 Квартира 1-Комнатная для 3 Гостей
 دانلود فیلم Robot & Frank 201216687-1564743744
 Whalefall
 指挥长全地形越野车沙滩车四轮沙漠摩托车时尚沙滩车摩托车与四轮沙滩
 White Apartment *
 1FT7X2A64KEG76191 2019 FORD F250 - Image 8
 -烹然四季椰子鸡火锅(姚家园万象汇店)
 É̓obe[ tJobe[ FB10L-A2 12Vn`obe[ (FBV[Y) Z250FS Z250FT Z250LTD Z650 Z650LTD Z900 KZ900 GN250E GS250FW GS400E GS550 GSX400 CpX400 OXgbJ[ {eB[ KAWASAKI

==

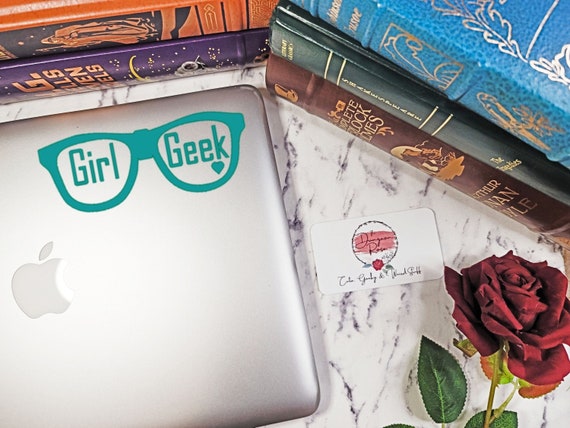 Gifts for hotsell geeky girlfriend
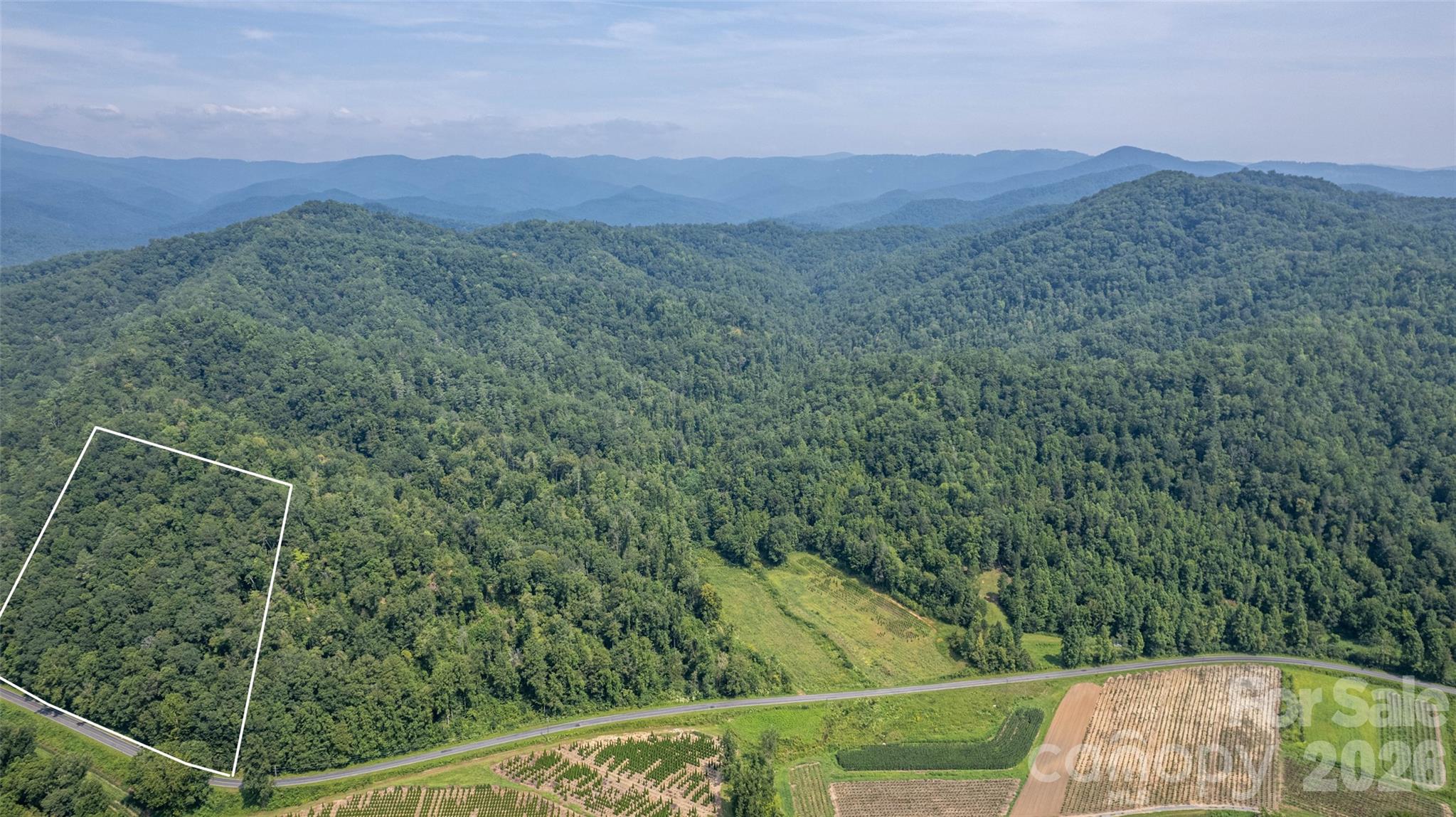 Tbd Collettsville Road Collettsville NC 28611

TASK TO COMPLETE. Nothing except the lines from the one containing "Gifts for hotsell geeky girlfriend" through the one containing "Tbd Collettsville Road" should appear in the answer, exactly as above and without pictures.

RESPONSE FOR THIS EXERCISE.
 Gifts for hotsell geeky girlfriend
 Tbd Collettsville Road Collettsville NC 28611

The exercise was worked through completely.